**PROBLEM DETAILS**
Once the line with "Herre | Gensere" is reached, output it and every line after it, exactly, through the end of the records below. Pictures are skipped.

[Caption-style text data]
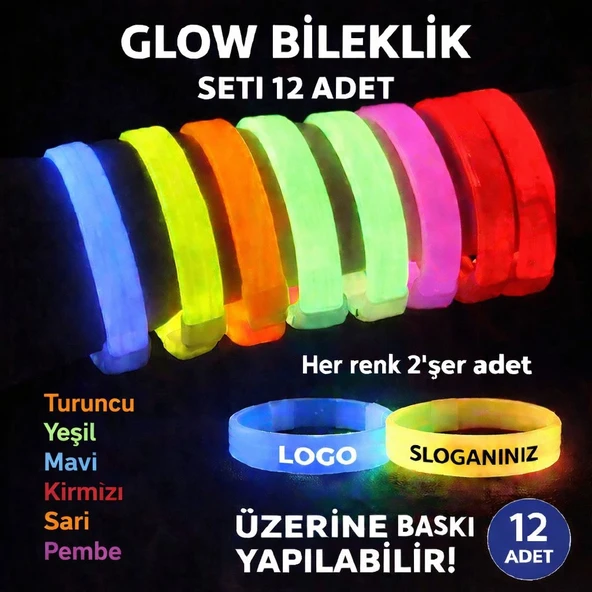 Glow Kalın Bileklik 12’li Set | Baskıya Uygun Renkli Model ürün görseli 1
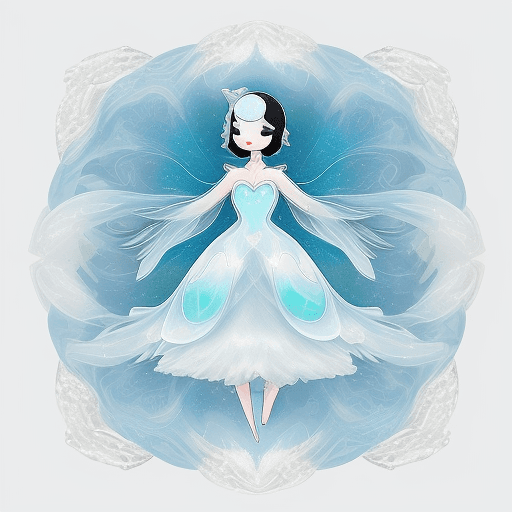 AI generated: painting of an abstract ethereal semi-transparent iridescent penguin in a dress in the style of Jane...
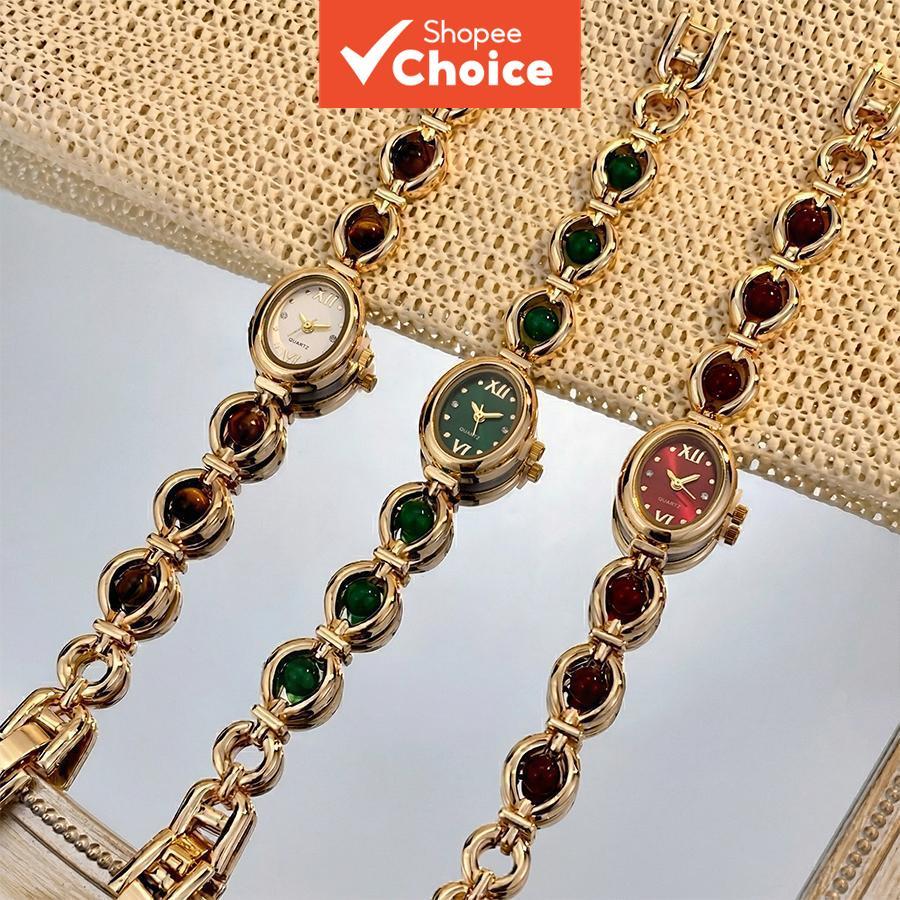 Elegant Women's Oval Wrist Watch with Sparkling Translucent Stones, Adjustable Bracelet Style Watch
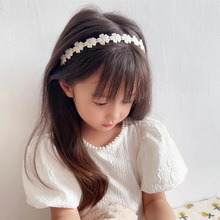 儿童法式清新刺绣花朵甜美淑女发箍超仙公主蕾丝珍珠网纱发箍头箍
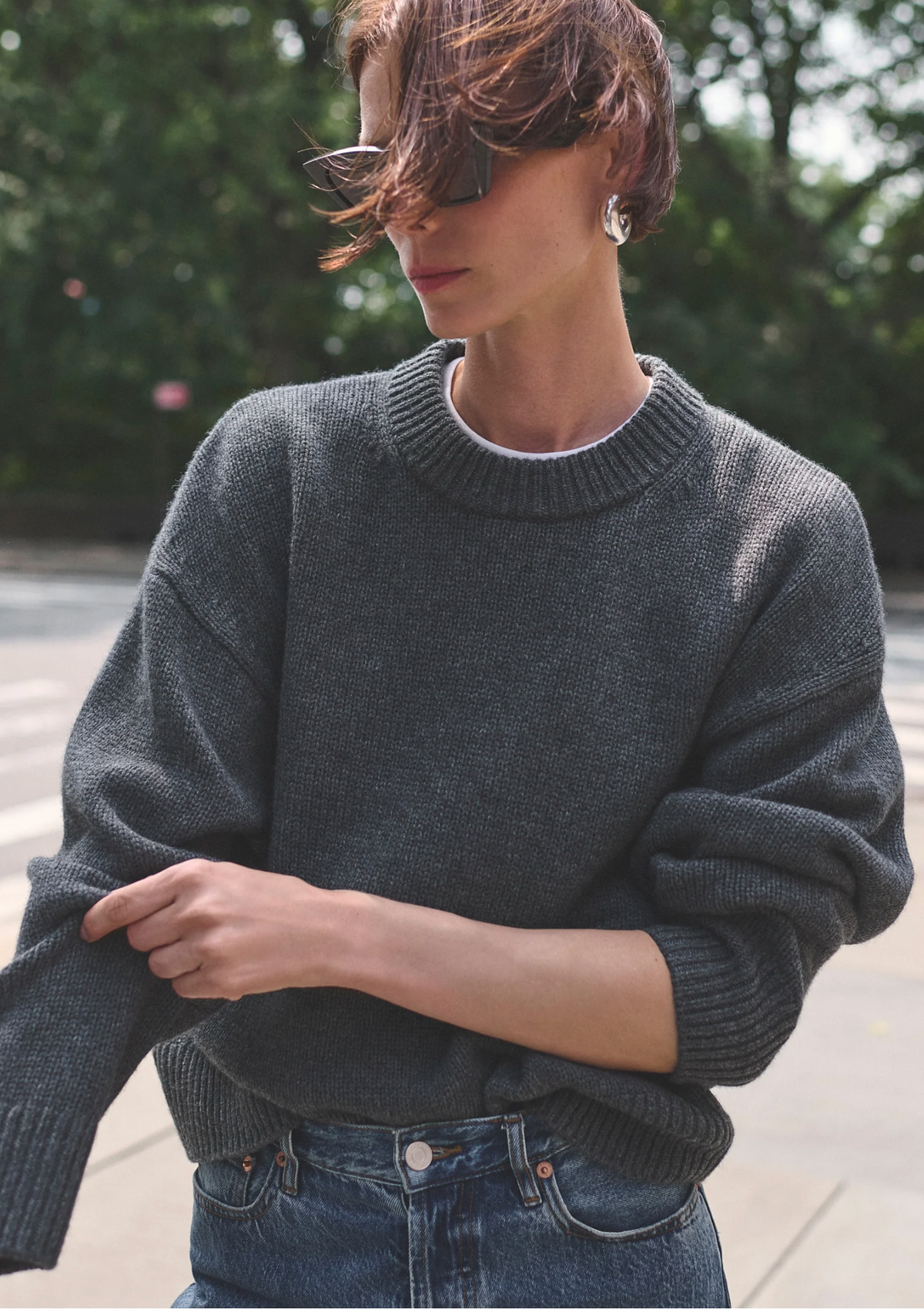 Cashmere Signature Crew, Charcoal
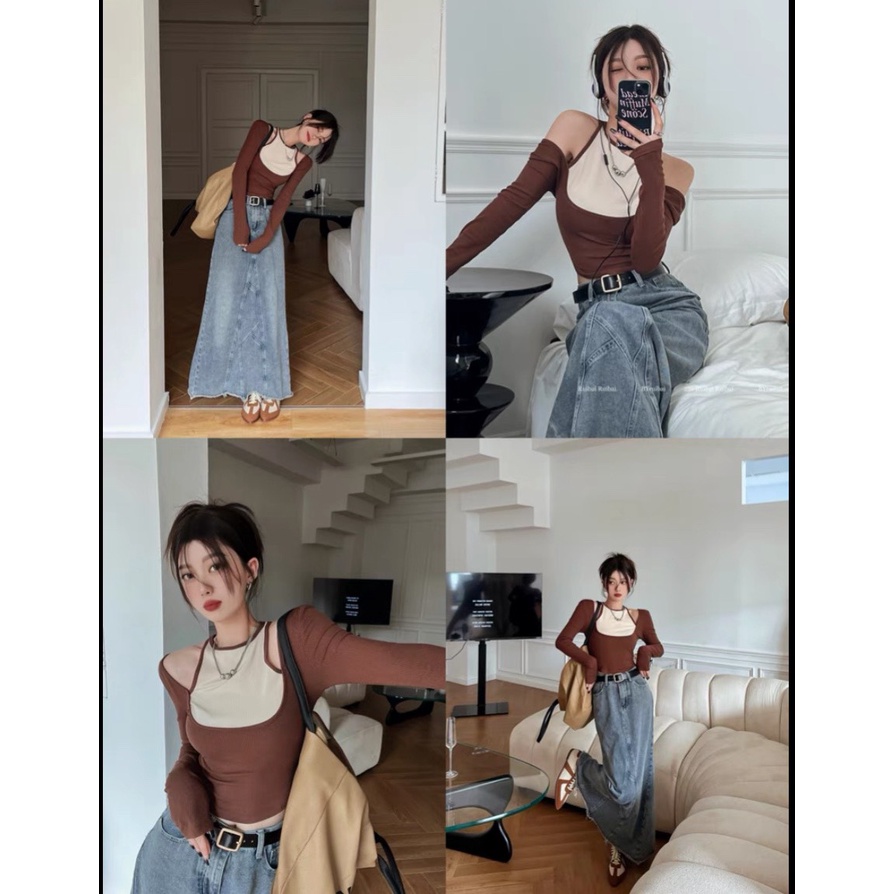 Áo Zip Thun Tăm Khoét Vai Phối Cổ Yếm Tay Dài Vạt Bầu Dáng Croptop Phong Cách Ulzzang - Hanju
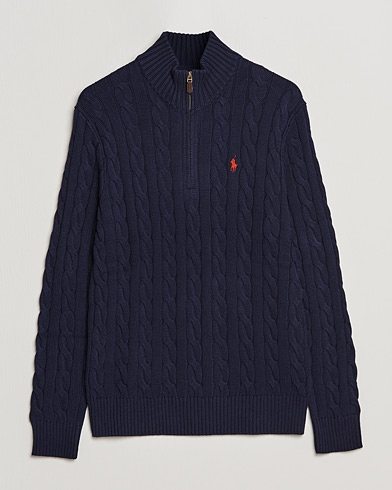 Herre | Gensere | Polo Ralph Lauren | Cotton Cable Half Zip Sweater Hunter Navy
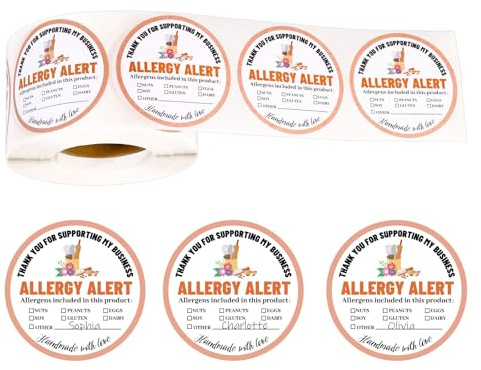 500pz Adesivi Allergeni Alimentari, Adesivi Rotondi Avvertenza Sulle Allergie Contenenti Sei Allergeni Comuni Adatti Cucine Feste Ristoranti e l'Etichettatura Della Sicurezza Alimentare.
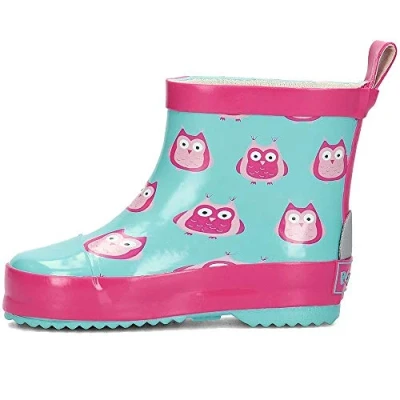 Afbeelding van Playshoes Regenlaarzen met halve schacht voor kinderen Uilen Turquoise maat 20EU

**RESPONSE FOR THIS EXERCISE**
 Herre | Gensere | Polo Ralph Lauren | Cotton Cable Half Zip Sweater Hunter Navy
 500pz Adesivi Allergeni Alimentari, Adesivi Rotondi Avvertenza Sulle Allergie Contenenti Sei Allergeni Comuni Adatti Cucine Feste Ristoranti e l'Etichettatura Della Sicurezza Alimentare.
 Afbeelding van Playshoes Regenlaarzen met halve schacht voor kinderen Uilen Turquoise maat 20EU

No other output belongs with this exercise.